Ms. Shibayama pointed out the high number of high school dropouts and the high rate of irregular employment even after high school graduation among young people of foreign roots. She discussed the need to create backup mechanisms to continue encouraging self-study among young people of foreign roots, such as developing communities that offer professional support by providing education on future prospects, higher education, finding a job, etc. Ms. Watanabe added that, as immigrants continue settling in Japan, the second and third generations of immigrants have extremely limited career and occupational choices. She stressed the importance of supporting vocational independence by providing opportunities to learn Japanese to acquire qualifications and gain employment.  
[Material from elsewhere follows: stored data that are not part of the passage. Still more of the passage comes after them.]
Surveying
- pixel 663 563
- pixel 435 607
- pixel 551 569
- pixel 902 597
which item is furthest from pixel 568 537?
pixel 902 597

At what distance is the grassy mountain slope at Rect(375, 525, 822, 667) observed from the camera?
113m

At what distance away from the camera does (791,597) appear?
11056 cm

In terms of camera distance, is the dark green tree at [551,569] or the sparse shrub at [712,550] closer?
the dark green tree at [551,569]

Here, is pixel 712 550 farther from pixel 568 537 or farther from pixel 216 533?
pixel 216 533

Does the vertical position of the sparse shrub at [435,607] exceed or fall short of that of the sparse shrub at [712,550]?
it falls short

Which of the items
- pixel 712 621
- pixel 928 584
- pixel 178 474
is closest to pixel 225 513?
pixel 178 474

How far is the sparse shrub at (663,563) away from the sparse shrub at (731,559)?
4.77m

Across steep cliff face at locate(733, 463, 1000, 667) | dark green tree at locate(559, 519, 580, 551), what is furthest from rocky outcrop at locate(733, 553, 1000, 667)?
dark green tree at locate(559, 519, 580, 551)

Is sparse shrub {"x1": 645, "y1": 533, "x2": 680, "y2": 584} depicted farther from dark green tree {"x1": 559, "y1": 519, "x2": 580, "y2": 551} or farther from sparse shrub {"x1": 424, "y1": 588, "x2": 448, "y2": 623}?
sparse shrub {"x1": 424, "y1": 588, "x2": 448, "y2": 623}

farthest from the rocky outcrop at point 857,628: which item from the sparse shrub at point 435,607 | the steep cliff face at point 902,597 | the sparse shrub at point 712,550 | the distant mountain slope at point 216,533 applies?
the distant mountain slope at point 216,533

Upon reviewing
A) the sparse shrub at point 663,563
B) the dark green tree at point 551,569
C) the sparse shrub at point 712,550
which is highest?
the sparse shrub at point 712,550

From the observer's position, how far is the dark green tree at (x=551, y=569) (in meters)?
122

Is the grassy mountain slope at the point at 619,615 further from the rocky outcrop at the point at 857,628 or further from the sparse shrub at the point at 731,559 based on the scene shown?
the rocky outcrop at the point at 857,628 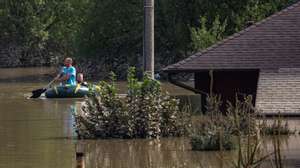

Following the format of the first webinar, representatives from each organization then shared their thoughts. When asked what new things were gained from program activities, one representative shared his impression that: “In support activities, I felt that my brain was stimulated differently from my usual work, and it was a fulfilling time even though I was busy. I also gained a sense of accomplishment that I was involved in supporting young people of diverse roots.” Other representatives added, “The support of the Sumitomo Corporation’s pro bono team provided an opportunity to clarify the organization’s business goals and understanding of issues that tend to be ambiguous.” and “From now on, I have a positive incentive to run my business.”

This webinar provided Sumitomo Corporation employees with the opportunity to learn about the challenges of youth of foreign roots in Japan, and in their feedback, participants requested that similar seminars be held in the future.

Connecting businesses and public interest activities

The challenges young people of foreign roots are facing require the collective impact of diverse sectors bringing their strengths and know-how together to generate social change.

JCIE’s partnership with the Sumitomo Corporation’s 100 SEED and the SYDRIS initiative is an effort to connect companies’ and citizens’ public interest activities in order to address the challenges faced by youth of foreign roots living in Japan. 

In addition to creating a backbone support system that generates collective impact, JCIE will provide funds to SYDRIS grantees and will create a common agenda for connecting sectors, an assessment system for improving information channels between organizations, and a communication system for strengthening activities.